Visitabile fino al 30 aprile 2016 presso la Galleria Ono Arte Contemporanea di Bologna, la rassegna, attraverso le immagini e le memorie del fotografo britannico, racconta un giorno nella vita del Duca Bianco, poco prima che questi prendesse gli abiti e le sembianze di Ziggy Stardust.

Era il 1972 quando inventò il personaggio, il suo alter ego, raccontando in giro di essere un alieno precipitato sulla terra per aprire gli occhi a un’umanità decadente. L’anno del primo tour che lo consacra a stella del rock, uno dei pochi artisti in grado di conciliare il sound della sua musica con il kabuki, pop e avanguardia, ambiguità sessuale e arti visive, trasgressione e letteratura. Una carriera prolifica disseminata di successi e brani consegnati alla storia.

Dopo Station to station (’76) e The Thin White Duke (’76), Bowie inizia a collaborare con Brian Eno registrando tre album, pietre miliari della musica, Low, Heroes e Lodger. Inaugura gli anni Ottanta con una nuova, clamorosa svolta stilistica che gli frutterà il più grande successo commerciale della sua discografia, Let’s Dance, un raffinato viaggio attraverso il rock’n’roll, il funky, la dance più elegante.

Nel 2007 Bowie riceve il Grammy alla carriera, nel 2008 viene inserito al 23º posto nella lista dei 100 migliori cantanti secondo Rolling Stone. Una leggenda che, dopo la recente scomparsa, rivive nella mostra di Putland.

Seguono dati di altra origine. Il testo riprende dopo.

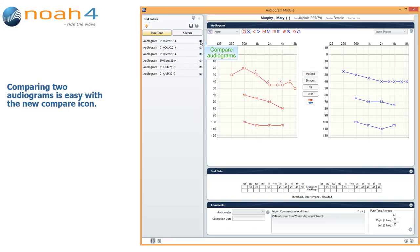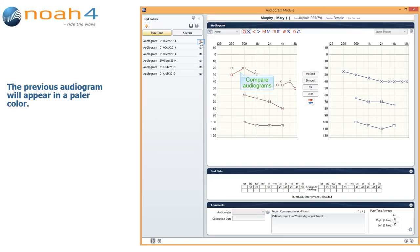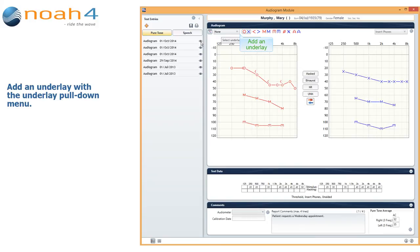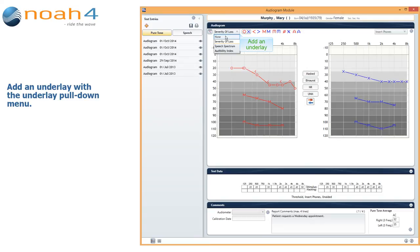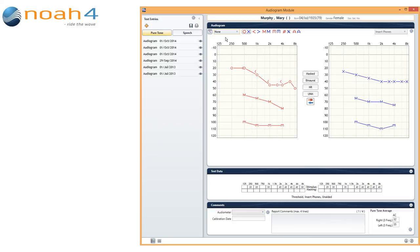Comparing audiograms is easy with the new Compare icon. The previous audiogram will appear in a paler colour. You can add an underlay with the underlay pull down menu, and you can increase the size of the audiogram by hiding other windows.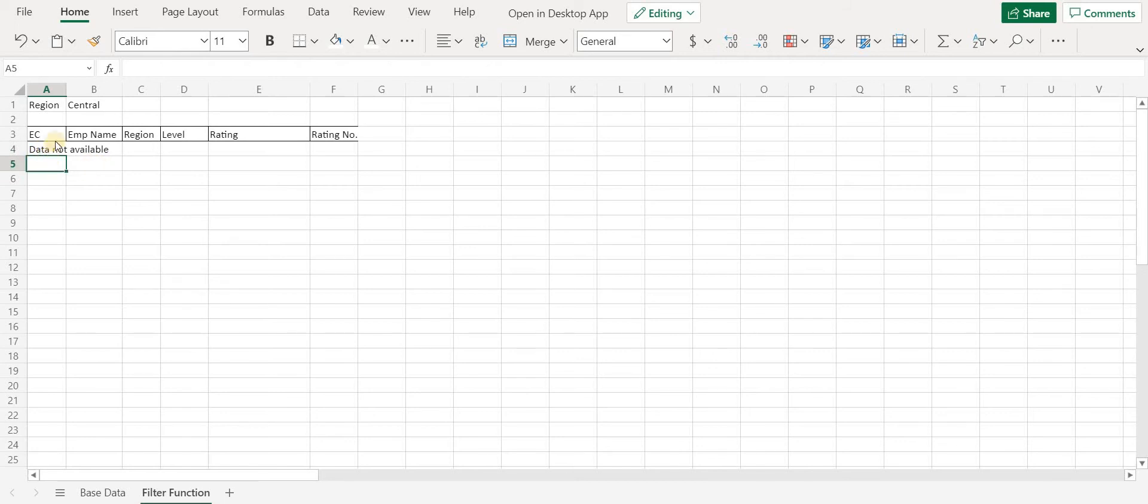Now what if we want to filter data with two parameters?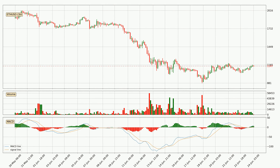Looking at the three-hourly MACD, the MACD line is above the signal line, meaning that the trend is currently on the up. Looking at the MACD histogram, we can see that the momentum is strong at the moment and we can expect the price to continue growing, or at least remaining the same for some time.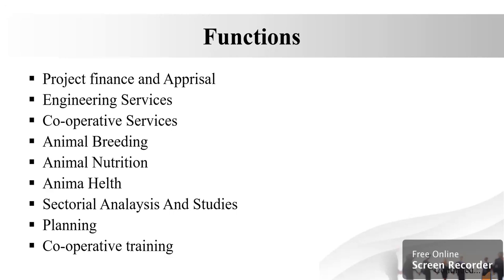The next function, animal health. ADDB's animal health group endeavors to increase the productivity of dairy animals by improving health and creating awareness among dairy farmers on animal health issues.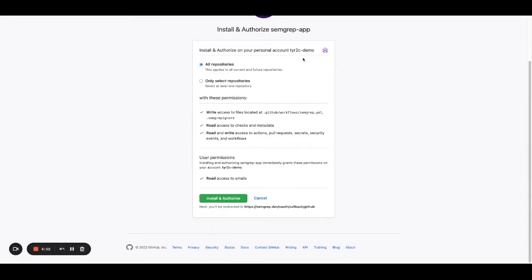Once again, SimGrep does require a few permissions. I'm going to click Install and Authorize.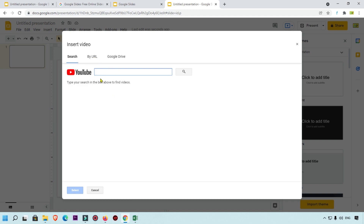Right now we are going to insert a YouTube video. In the Insert Video pop-up box, you can see the YouTube search section — simply search for the video you want to insert and select it. There is also the URL option where you paste a video URL, and the Google Drive option to select an uploaded video. First, let's go with the YouTube search option.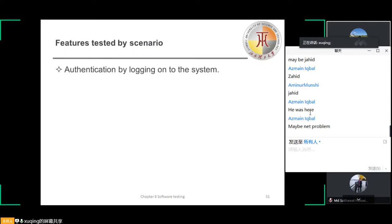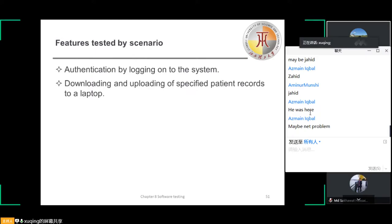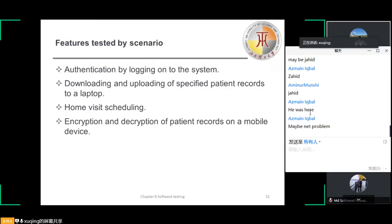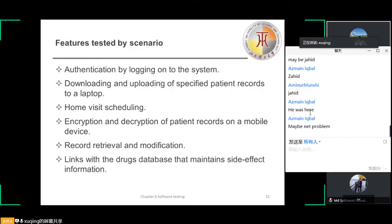With this scenario, we have captured some features like authentication by logging on to the system, downloading and uploading of specified patient records to her laptop, home visits scheduling, encryption and decryption of patient records on a mobile device, record retrieval and modification, and links with the JAGS database that maintains side effect information and the system for call prompting. All these features can be got from the scenario.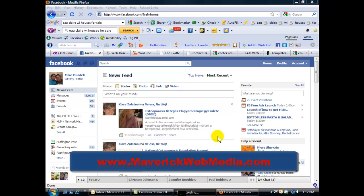Hi, Mike Mundell here, owner of Maverick Web Media in Eau Claire, Wisconsin. I wanted to shoot this quick video today.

L’esposizione, ampliata da qualche scatto pre e post Ziggy Stardust e da altri provenienti dallo Station to Station Tour, è composta da 27 fotografie scattate nell’allora residenza di Bowie, Haddon Hall, in diversi formati e corredata dal lavoro grafico di Terry Pastor, designer che realizzò la copertina di Ziggy Stardust e Hunky Dory.

Le registrazioni di The Rise and Fall of Ziggy Stardust and the Spiders from Mars erano terminate da qualche settimana e, il disco, sarebbe stato pubblicato poco dopo. Il 28 aprile esce infatti il primo singolo dell’album, “Starman”. Quel 24 aprile, Bowie, nella calma che precede la tempesta che lo avrebbe reso un fenomeno planetario, dipinge il soffitto di casa sua indossando un abito disegnato insieme all’amico stilista Freddy Buretti. Lo stesso abito che usava sul palco, in quel periodo, e che sarebbe stato immortalato nella cover di The Rise and Fall of Ziggy Stardust and the Spiders from Mars. È un Bowie molto rilassato, quello che accoglie Putland, avviato all’apice della sua popolarità e già molto sicuro della sua immagine, espressione del trasformismo più sfrenato.

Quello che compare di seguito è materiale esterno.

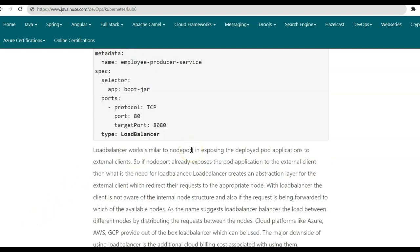Hope you have understood what a Kubernetes service is and its different types. In the next tutorials, we will be implementing these service types. Thank you.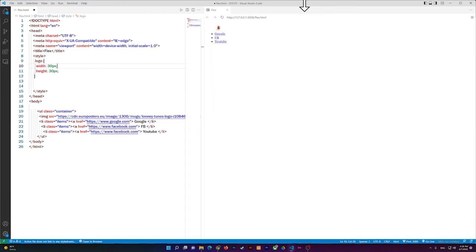Hello everyone, welcome to another video. In this video I'm going to show you how to create a navigation bar that has the logo on the left side and the items on the right side.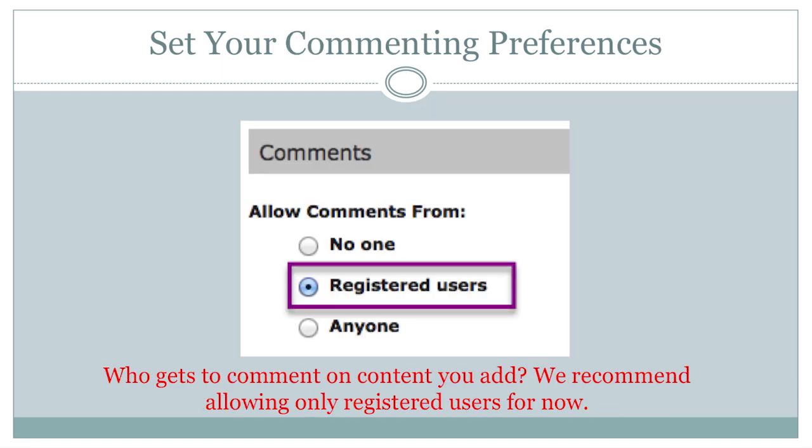Whether or not to allow other users or outside visitors to leave comments on your pages is up to you. However, many instructors using Frogfolio may wish to be able to leave comments, or ask students to leave commentary for one another. We recommend, similar to permissions, that you allow comments only from registered users until you are ready to take your ePortfolio public.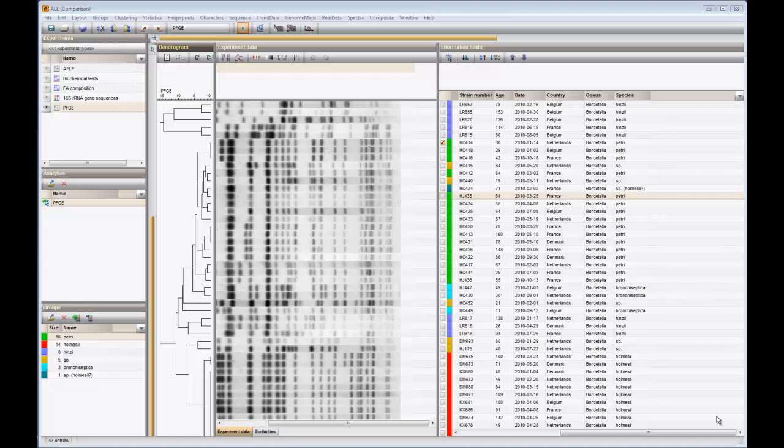The tree shown in this comparison was calculated from Pulsed Field Gel Electrophoresis banding patterns using the distance coefficient number of different bands.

Gli scatti testimoniano l’influenza che l’artista ebbe non solo nel mondo della musica ma anche nel costume, nella società e nella cultura in genere. Un Bowie che inventa e reinventa se stesso continuamente e soprattutto codifica, a modo suo, il significato di “Europa e di europeo”.

Insomma, se passate da Bologna, la mostra è una tappa obbligata!